Réveil

Elsa se redressa dans son lit, surprise. Il y avait quelque chose de différent dans l'atmosphère, dans le silence qui baignait l'aube d'été. Mais elle ne parvenait pas à déterminer ce que c'était.

C'était... Bizarre. Vraiment. Elle sentait un vide, un creux.

Comme un souvenir mal arraché, peut-être. Il manquait quelque chose, c'était évident, mais elle ne pouvait absolument pas déterminer ce que c'était.

Elle se leva, se frottant les yeux, tentant de chasser cette étrange sensation, se disant que ce n'était que l'effet d'un rêve encore figé en elle.

Debout au milieu de la chambre, elle saisit sa brosse à cheveux et commença à démêler sa crinière d'ébène, refaisant une liste de ce qu'elle avait fait ces derniers jours, les habitudes qu'elle avait mises en place pour ne pas plonger dans l'angoisse qui l'attendait à chaque minute. Il devait bien y avoir quelque chose de changé, pour ce sentiment persistant qui ne venait plus du sommeil, la jeune femme en était à présent convaincue.

C'était comme si son cerveau était ralenti, comme si sa mémoire se dérobait face à son exploration, refusant d'accomplir la tâche qui semblait pourtant facile.

Soudain, elle s'immobilisa. Son regard avait accroché son carnet, son petit carnet de notes dans lequel elle confiait chaque impression de sa vie. Elle y écrivait presque chaque jour depuis cinq ans, cela faisait partie de sa routine. Là, dans son récit, il y aurait sans doute la réponse.

Figée sur place, elle secoua la tête, remettant la résolution de l'énigme au moment où elle serait prête à affronter les méandres de son cerveau.

Une grimace lui monta aux lèvres.

Son cerveau.

Une terre inconnue qu'elle ne cessait de redouter, qui pouvait provoquer des crises de panique au moindre mot ou geste posé de travers, qui lui donnait des cauchemars éveillés, dont les associations et les réactions étaient bien trop fortes.

Il y avait une bombe enfouie quelque part dans son esprit, Elsa le savait. Elle avait tenté de la déterrer, de la comprendre, de l'apprivoiser, utilisant ses premiers salaires pour se payer des séances chez un psychiatre. Sans beaucoup de résultats, mais on lui avait prescrit une série de médicaments qui limitaient les crises, faisaient taire en partie les spirales de pensées où elle s'enfonçait si souvent.

Restait ce vide obsédant maintenant, et ses pensées toutes focalisées sur ce manque.
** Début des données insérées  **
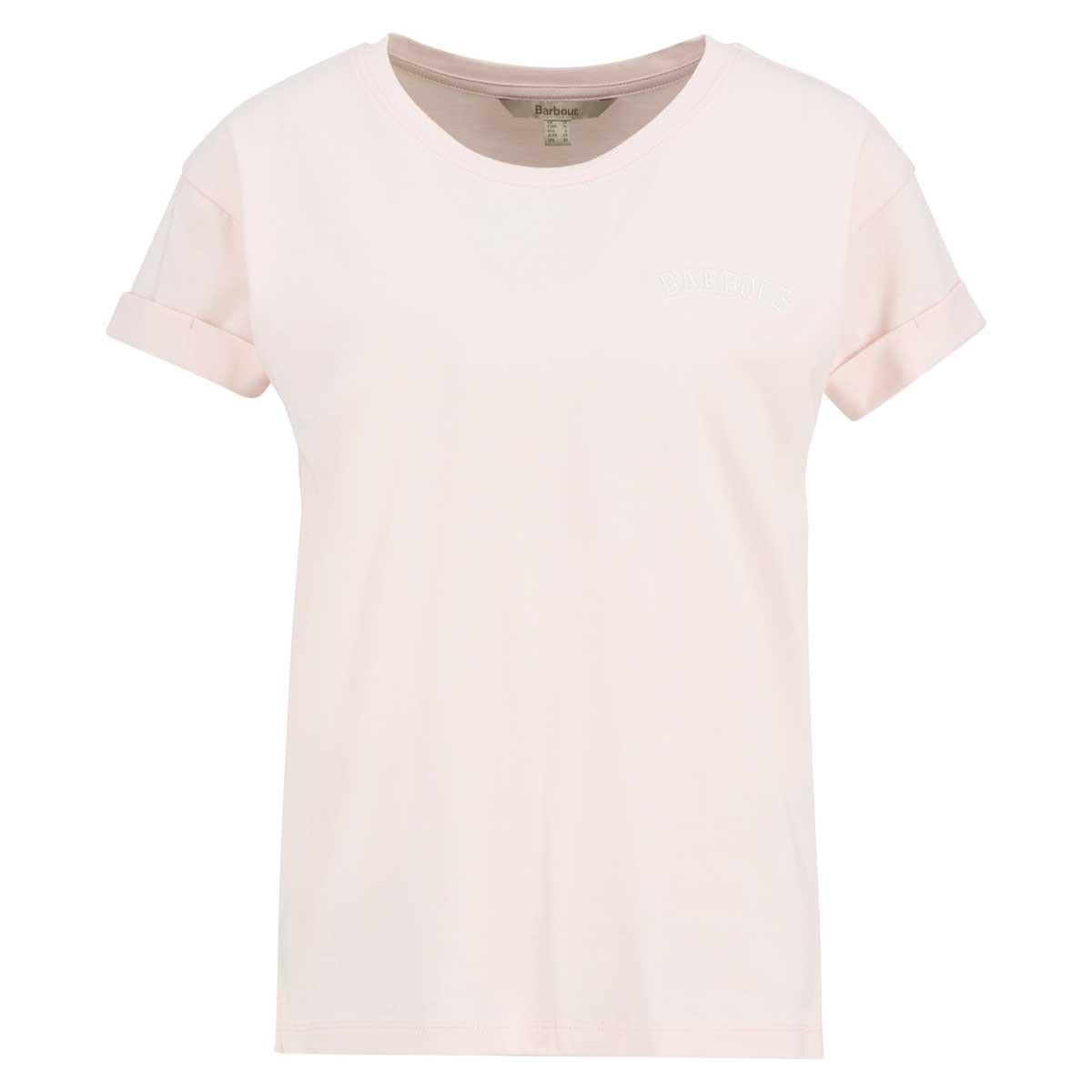 Pink Barbour Womens Bede T-Shirt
Grignotant sa tartine de confiture du bout des lèvres, ses yeux de glace figés dans le lointain, elle creusait sa mémoire avec précaution, craignant de déclencher une énième crise de panique.

Pourquoi ce vide ?

Vide dans lequel elle allait se noyer, elle le savait. Si elle plongeait...

Si tu plonges dans le passé, prends garde de ne pas t'y noyer.

Injonction longuement répétée et apprise, qui la faisait reculer quand elle trouvait quelque chose près du trou de sa mémoire quand elle avait huit ans.

Injonction pour laquelle elle était toujours restée en retrait, jouant avec sa timidité naturelle, de crainte que de potentiels amis ne lui demandent son histoire.

Injonction qui pesait de plus en plus lourd pour Elsa. Injonction gravée jusqu'au fin fond de son identité, injonction dont elle commençait à vouloir se débarrasser.

C'était pour ça qu'elle avait commencé son carnet de bord, c'était pour ça qu'elle passait de longues heures chez le psychologue en plus de son médecin psychiatre, que son temps libre se passait en explorations interminables d'Internet pour trouver une source de traumatisme.

Elle savait que ce pouvait être dangereux.

Mais elle voulait se comprendre car elle était trop seule pour que quiconque d'autre le fasse.